I enjoyed my little trip with you to town. And when you wrote...the manure heaps steaming....the pungent smell enters our nostrils...being an old farm girl, I think I actually could smell that pungent smell. tee hee!!

Caroline Gill said...

The name escapes me (will have to see if I can find a soul 'who knows') but I feel sure we have a special name in these parts of South Wales for this time of year when the heather and gorse are burned. Is the 'hern' a hen, I wonder?

Mary Sharpe said...

I thought for a moment you were inviting the lamb in the picture for a ride!

Cowslips . . . I love primroses. If I had a hedgerow bank, I wouldn't be able to grow enough of them . . . but cowslips - I found them disappointing when I came across them first and wonder if they are valued more because they are getting rare than for their looks.

What do you think?

Mary Sharpe
HUGH AND CAMELLIA

The Weaver of Grass said...

Thanks Janice - you are always welcome to come along.

The Weaver of Grass said...

Pamela - bring hot soup - it is cold here again.

The Weaver of Grass said...

Caroline - I don't know of a word for heather-burning round here - but shall ask around when we are out to dinner next week with a load of shooting locals!
I think the hern is a heron.

The Weaver of Grass said...

Mary - I think you need to see cowslips ina mass - their beautiful very pale yellow colour is tremendous then - the scent is wonderful.

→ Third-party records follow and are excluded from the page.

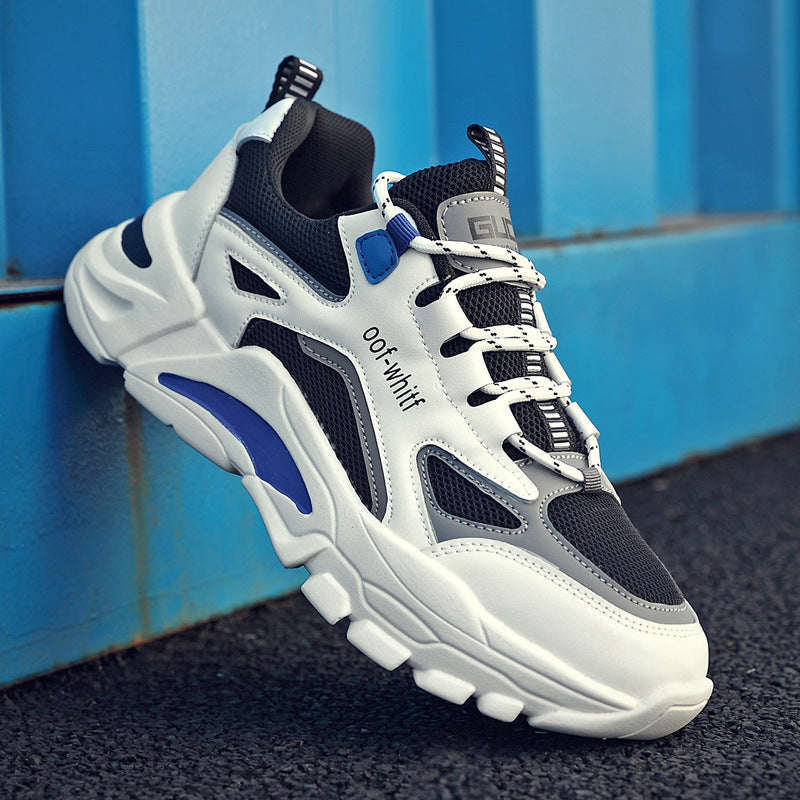 Damen Sportliche Chunky Sneakers mit atmungsaktiver Mesh-Oberfläche und rutschfester Sohle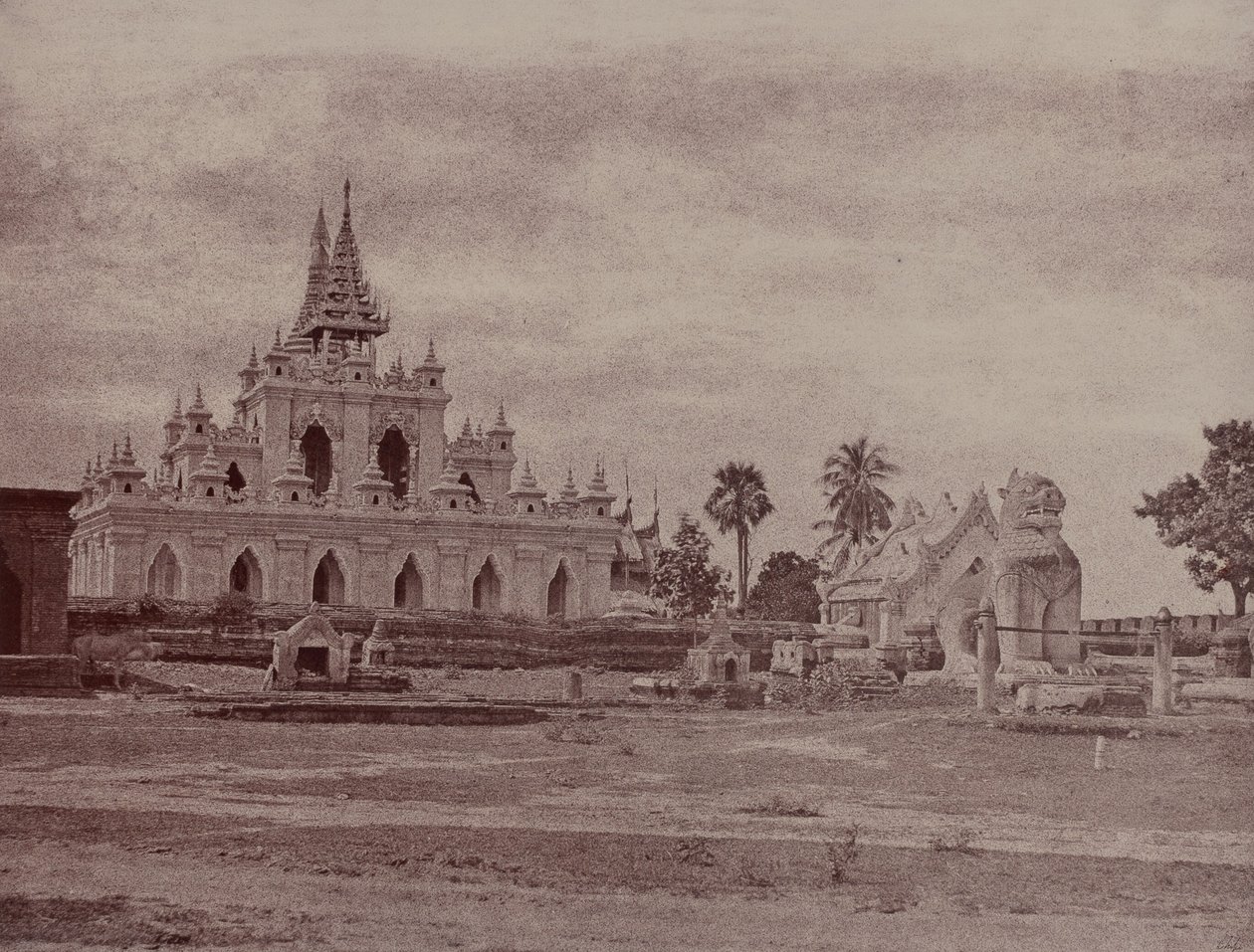 Amerapoora: Sindu Shwe koo Pagoda av Linnaeus Tripe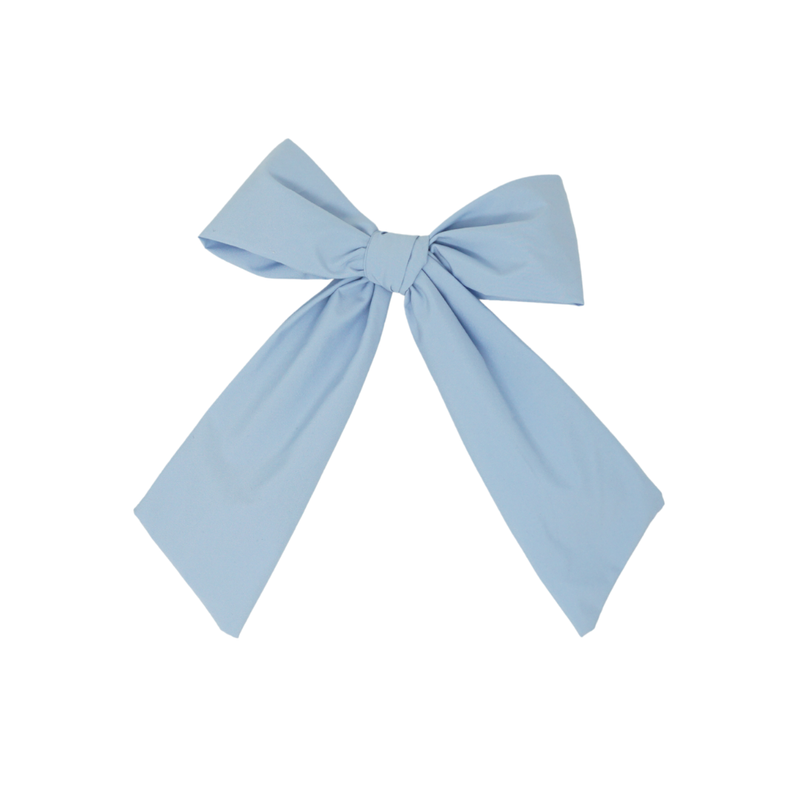 Taffeta Classic Medium Bow Clip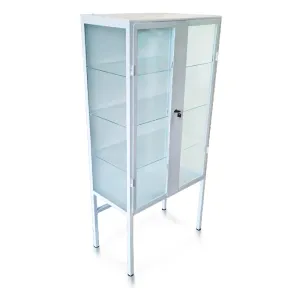 Armário Vitrine Grande Esmaltado Artemis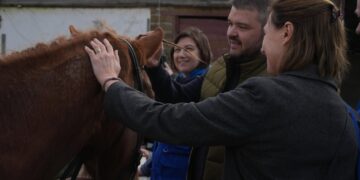 Делегація країн-донорів Міжнародної організації з міграції — Франції, Данії, Швеції та Німеччини, разом із заступником голови Місії МОМ в Україні паном Деяном Кесеровічем здійснили робочий візит до Одещини.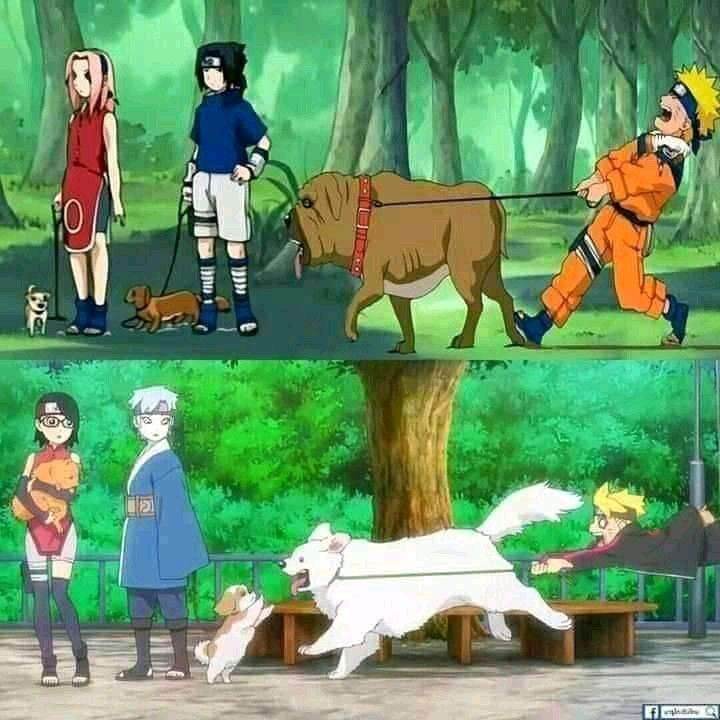 Naruto en la era de Boruto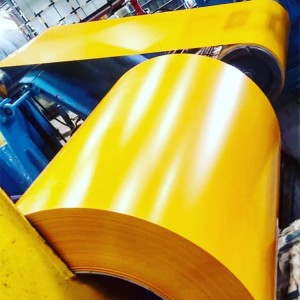 DC51D Galvanized Pre-painted Steel Coil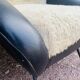 Paire de fauteuils vintage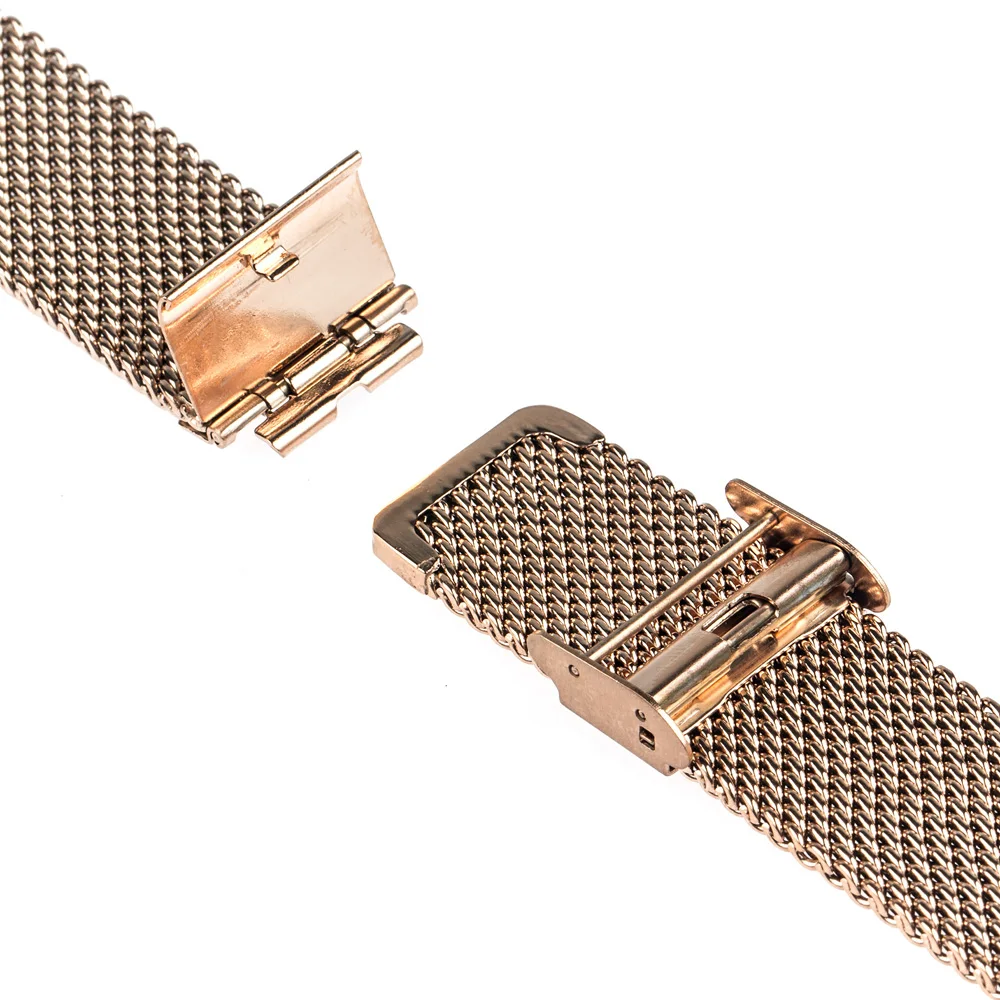 Milanese Watchband 22mm 24mm +Tool for Ferrari Watch Band Mesh Stainless Steel Strap Wrist Belt Bracelet Black Rose Gold Silver Milanese Watchband 22mm 24mm +Tool for Ferrari Watch Band Mesh Stainless Steel Strap Wrist Belt Bracelet Black Rose Gold Silver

The Weaver of Grass said...

To everyone else - so glad you enjoyed the ride = we'll have a mini bus next time. And yes, Derrick, I did keep my eyes on the road!!

thousandflower said...

That lamb is amazingly spotted. What breed? I know Jacobs are spotted but most that I have seen have bigger spots. I am curious. Our Cotswolds have spots on their faces and are usually grey on their backs.